So, we have three options on the table here:
(1) We (the Wisconsin Courts) are using a very simple fix to work
around the issue so we can move forward with conversion to
PostgreSQL triggers.  A DELETE is allowed to complete if the BEFORE
trigger doesn't return NULL, even if the row was updated while the
trigger was executing.  An UPDATE fails if the BEFORE trigger
doesn't return NULL and any other update is made to the row while
the trigger was executing.
(2) You (Robert) have proposed (as I understand it) modifying that
approach to allow some UPDATE cases to work, where there are not
conflicting updates to any one column within the row.
(3) Florian has proposed banning all updates to a row which is being
processed by a BEFORE UPDATE or BEFORE DELETE trigger.  As I
understand it, this would be similar to the approach taken by
Oracle, although less strict.
I can live with any of these solutions.  How do we move forward to
consensus so that a patch can be written?  Does anyone else have a
preference for one of these approaches versus another?
-Kevin

Re: WIP fix proposal for bug #6123

From

Florian Pflug

Date:

08 August 2011, 12:35:50

On Aug8, 2011, at 17:02 , Kevin Grittner wrote:
> So, we have three options on the table here:
> 
> (1) We (the Wisconsin Courts) are using a very simple fix to work
> around the issue so we can move forward with conversion to
> PostgreSQL triggers.  A DELETE is allowed to complete if the BEFORE
> trigger doesn't return NULL, even if the row was updated while the
> trigger was executing.  An UPDATE fails if the BEFORE trigger
> doesn't return NULL and any other update is made to the row while
> the trigger was executing.
> 
> (2) You (Robert) have proposed (as I understand it) modifying that
> approach to allow some UPDATE cases to work, where there are not
> conflicting updates to any one column within the row.
> 
> (3) Florian has proposed banning all updates to a row which is being
> processed by a BEFORE UPDATE or BEFORE DELETE trigger.  As I
> understand it, this would be similar to the approach taken by
> Oracle, although less strict.
Yeah, though much, much less strict.

I think it would be helpful if we had a more precise idea about the
intended use-cases. So far, the only use-case that has been described in
detail is the one which made Kevin aware of the problem. But if I
understood Kevin correctly, that fact that they use BEFORE and not AFTER
triggers it more of an accident than the result of a conscious design
decision. Though he did also mention that there might actually be advantages
to using BEFORE instead of AFTER triggers, because that prevents other
triggers from seeing a non-consistent state.

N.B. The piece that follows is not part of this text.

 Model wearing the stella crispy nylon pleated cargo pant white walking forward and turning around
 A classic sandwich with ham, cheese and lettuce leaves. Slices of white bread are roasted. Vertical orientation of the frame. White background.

What I can add is that AFAIR all instances of same-row UPDATES from BEFORE
triggers I ever encountered where replaceable by a simple assignment to NEW.
(That, however, is more of an anti-usecase)

best regards,
Florian Pflug

Re: WIP fix proposal for bug #6123

From

Florian Pflug

Date:

08 August 2011, 16:43:12

On Aug8, 2011, at 17:35 , Florian Pflug wrote:
> I think it would be helpful if we had a more precise idea about the
> intended use-cases. So far, the only use-case that has been described in
> detail is the one which made Kevin aware of the problem. But if I
> understood Kevin correctly, that fact that they use BEFORE and not AFTER
> triggers it more of an accident than the result of a conscious design
> decision. Though he did also mention that there might actually be advantages
> to using BEFORE instead of AFTER triggers, because that prevents other
> triggers from seeing a non-consistent state.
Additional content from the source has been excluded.